Q2. If vfork() is faster than fork(), why not always use vfork()?
vfork() has severe restrictions: the child must not modify memory (other than its local stack variables), call library functions (which modify global state), or do anything other than calling exec() or _exit(). Violating these rules corrupts the parent’s state. fork() with copy-on-write is safe for any use. Modern glibc’s fork() is already optimized; the practical difference for typical processes is small enough that the danger of vfork() is rarely worth it.
Q3. Why does exec() reduce the relative speed difference between fork() and vfork()?
exec() performs expensive operations: reading the program binary from disk (or buffer cache), setting up the new address space, loading shared libraries, and initializing the runtime. These costs are the same regardless of whether fork() or vfork() was used. When exec() cost dominates (e.g., a large binary not cached), the page-table copying overhead of fork() is a small fraction of the total time, so the ratio fork/vfork shrinks significantly.
Q4. Why is clone() slightly faster than vfork() in the benchmark?
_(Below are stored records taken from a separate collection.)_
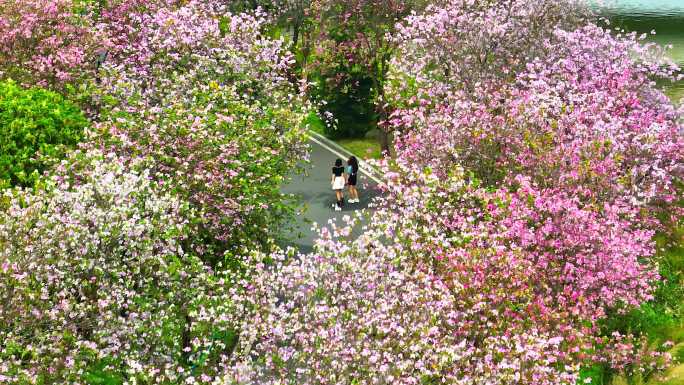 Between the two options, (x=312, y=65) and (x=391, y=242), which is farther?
(x=312, y=65)

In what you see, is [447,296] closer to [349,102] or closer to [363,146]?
[363,146]

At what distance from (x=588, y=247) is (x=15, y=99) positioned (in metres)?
16.3

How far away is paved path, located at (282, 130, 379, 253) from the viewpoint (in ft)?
107

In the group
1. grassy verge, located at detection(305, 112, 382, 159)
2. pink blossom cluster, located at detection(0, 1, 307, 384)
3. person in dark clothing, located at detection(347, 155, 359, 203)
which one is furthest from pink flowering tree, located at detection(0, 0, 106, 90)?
grassy verge, located at detection(305, 112, 382, 159)

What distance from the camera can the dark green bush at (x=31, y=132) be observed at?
76.4 feet

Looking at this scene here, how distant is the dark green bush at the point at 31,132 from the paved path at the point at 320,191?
9440 mm

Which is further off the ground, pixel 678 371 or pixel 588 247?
pixel 588 247

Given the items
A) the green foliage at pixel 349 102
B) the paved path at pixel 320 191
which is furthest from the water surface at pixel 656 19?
the paved path at pixel 320 191

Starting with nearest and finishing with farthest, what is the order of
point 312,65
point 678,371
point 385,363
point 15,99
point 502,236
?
point 385,363, point 502,236, point 678,371, point 15,99, point 312,65

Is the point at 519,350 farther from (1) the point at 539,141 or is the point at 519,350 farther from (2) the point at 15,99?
(2) the point at 15,99

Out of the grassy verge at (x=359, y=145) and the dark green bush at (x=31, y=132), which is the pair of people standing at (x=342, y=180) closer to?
the grassy verge at (x=359, y=145)

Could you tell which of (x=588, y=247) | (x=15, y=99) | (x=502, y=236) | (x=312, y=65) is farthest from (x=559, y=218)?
(x=312, y=65)

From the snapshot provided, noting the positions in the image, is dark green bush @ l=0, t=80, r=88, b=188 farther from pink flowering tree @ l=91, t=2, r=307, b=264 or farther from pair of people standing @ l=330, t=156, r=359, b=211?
pair of people standing @ l=330, t=156, r=359, b=211

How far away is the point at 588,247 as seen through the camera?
20391 millimetres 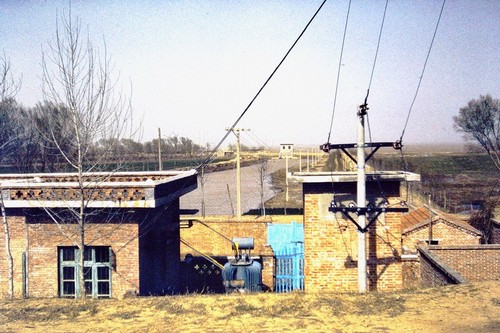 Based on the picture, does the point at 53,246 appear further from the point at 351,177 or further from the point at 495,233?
the point at 495,233

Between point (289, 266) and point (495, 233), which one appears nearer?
point (289, 266)

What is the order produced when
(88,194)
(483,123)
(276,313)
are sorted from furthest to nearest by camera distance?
1. (483,123)
2. (88,194)
3. (276,313)

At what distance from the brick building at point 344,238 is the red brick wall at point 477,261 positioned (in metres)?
5.38

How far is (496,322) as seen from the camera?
6.84 metres

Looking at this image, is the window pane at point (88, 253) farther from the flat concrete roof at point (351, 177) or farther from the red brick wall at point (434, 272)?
the red brick wall at point (434, 272)

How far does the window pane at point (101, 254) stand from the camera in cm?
1185

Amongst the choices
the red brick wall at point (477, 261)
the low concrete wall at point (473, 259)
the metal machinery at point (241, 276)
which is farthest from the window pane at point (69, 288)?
the red brick wall at point (477, 261)

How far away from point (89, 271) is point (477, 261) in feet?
43.1

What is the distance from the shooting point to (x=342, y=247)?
11461mm

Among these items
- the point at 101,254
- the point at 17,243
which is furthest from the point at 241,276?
the point at 17,243

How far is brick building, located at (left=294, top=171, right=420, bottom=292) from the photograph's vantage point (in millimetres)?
11367

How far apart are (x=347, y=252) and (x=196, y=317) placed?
530cm

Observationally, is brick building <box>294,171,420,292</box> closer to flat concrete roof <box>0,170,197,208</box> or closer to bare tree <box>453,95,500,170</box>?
flat concrete roof <box>0,170,197,208</box>

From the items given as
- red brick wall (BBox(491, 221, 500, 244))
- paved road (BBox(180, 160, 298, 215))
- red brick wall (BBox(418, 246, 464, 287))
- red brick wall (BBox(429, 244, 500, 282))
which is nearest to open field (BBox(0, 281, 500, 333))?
red brick wall (BBox(418, 246, 464, 287)) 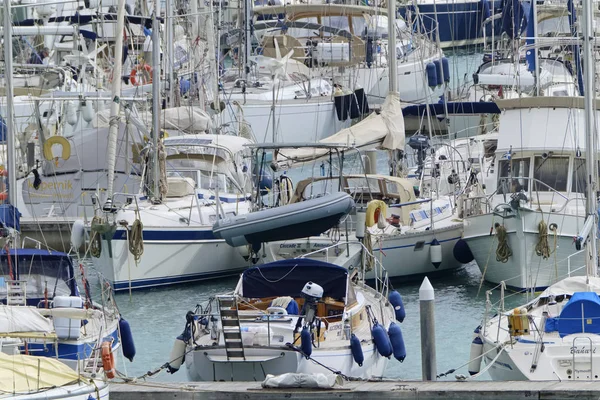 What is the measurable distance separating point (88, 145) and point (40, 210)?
6.67 feet

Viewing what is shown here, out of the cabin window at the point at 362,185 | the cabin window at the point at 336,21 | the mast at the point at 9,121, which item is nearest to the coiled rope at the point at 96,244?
the mast at the point at 9,121

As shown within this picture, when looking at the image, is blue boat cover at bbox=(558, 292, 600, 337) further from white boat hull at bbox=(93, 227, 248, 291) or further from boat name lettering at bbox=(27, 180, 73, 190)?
boat name lettering at bbox=(27, 180, 73, 190)

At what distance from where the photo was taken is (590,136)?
25734mm

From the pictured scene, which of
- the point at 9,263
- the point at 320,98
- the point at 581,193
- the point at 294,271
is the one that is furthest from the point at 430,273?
the point at 320,98

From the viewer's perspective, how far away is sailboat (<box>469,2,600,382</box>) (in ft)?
71.1

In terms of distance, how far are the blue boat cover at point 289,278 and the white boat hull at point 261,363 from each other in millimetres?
2336

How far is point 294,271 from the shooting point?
2511 cm

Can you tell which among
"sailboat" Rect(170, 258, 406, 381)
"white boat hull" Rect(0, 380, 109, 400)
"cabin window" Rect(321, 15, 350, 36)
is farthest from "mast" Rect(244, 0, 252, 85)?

vfork() shares virtual memory but still copies the file descriptor table and signal disposition table from parent to child. The benchmark’s clone() call also included CLONE_FILES and CLONE_SIGHAND, which share these structures rather than copying them. Avoiding those copies gives clone() a small edge. The magnitude of the difference depends on how many file descriptors are open — opening 100 extra fds raised vfork() time but left clone() time unchanged.
Q5. What does copy-on-write mean and how does fork() implement it?
Copy-on-write means the kernel does not immediately copy memory pages at fork() time. Instead, parent and child share the same physical pages. Their page table entries are marked read-only. When either process writes to a shared page, a page fault occurs. The kernel handles it by allocating a new physical page, copying the content, updating the faulting process’s page table to point to the new page (writable), and resuming. Pages that are never written are never copied — this is the efficiency of CoW.